The biggest challenge for baby food public nuisance litigation may be fashioning the remedy.  In public nuisance cases brought by government plaintiffs in many jurisdictions, including California, the remedy is not damages for past harm but abatement—or remediation—of the nuisance.  A heavy metals abatement plan for baby food would need to include an injunction directing the manufacturers to cease producing hazardous baby food, though issuing such an order would be difficult without an applicable regulatory scheme, and there is currently no regulation or legislation with which a court can demand compliance.  Plaintiffs could also seek greater oversight of baby food manufacturing or required testing by manufacturers. Abatement funds could also go to public education campaigns about heavy metal poisoning in children and programs to inform parents on how to provide well-rounded nutrition, as variety in a child’s diet can help minimize risk.  California could also provide additional benefits to low-income families who consume more commercial baby food than their wealthier counterparts.  

Depending on the characterization of the nuisance, addressing the root causes of heavy metals in baby food may be difficult because the issue of heavy metals in the food system is not one the baby food manufacturers created.  Therefore, it may be inappropriate to use funds from baby food manufacturers to fund abatement programs that remove heavy metals from the soil.  At the same time, abatement is a forward-looking remedy that seeks to eliminate the harm from occurring in the future.  Through this lens, funding a cleaner food supply so that baby food can be manufactured safely could mean that soil clean-up is an appropriate part of an abatement remedy. 
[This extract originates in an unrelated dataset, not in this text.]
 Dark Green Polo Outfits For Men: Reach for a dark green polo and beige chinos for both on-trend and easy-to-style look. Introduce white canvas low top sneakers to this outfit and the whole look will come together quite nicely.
Even if the abatement remedy for baby food is less concrete than in prior lead paint cases, high-profile public nuisance litigation, especially cases pursued by state attorneys general, can propel issues into the public consciousness and gain the attention of legislators.  For example, public nuisance lawsuits over environmental issues in the 1960s and 1970s led to legislation at the state level and, eventually, the Clean Water Act and Clean Air Act.  Governmental entities have also strategically used public nuisance legislation against fossil fuel companies in an attempt to spur legislative and regulatory action.  If a state like California were to pursue litigation, the publicity could reignite a sense of urgency in our legislative bodies, prodding them to pass legislation like the stalled Baby Food Safety Act.

Conclusion

Recent lead paint litigation has established California as a state particularly amenable to public nuisance claims. It has paved the way for the doctrine’s application to the present crisis of heavy metals in baby food.  Faced with regulatory and legislative failure, holding baby food manufacturers liable under a public nuisance theory could bring fresh attention to the issue and spur legislators and the FDA to action.  In an age of political polarization and regulatory stasis, public nuisance law can provide a valuable avenue for change and help provide today’s infants and children with a healthier, safer future.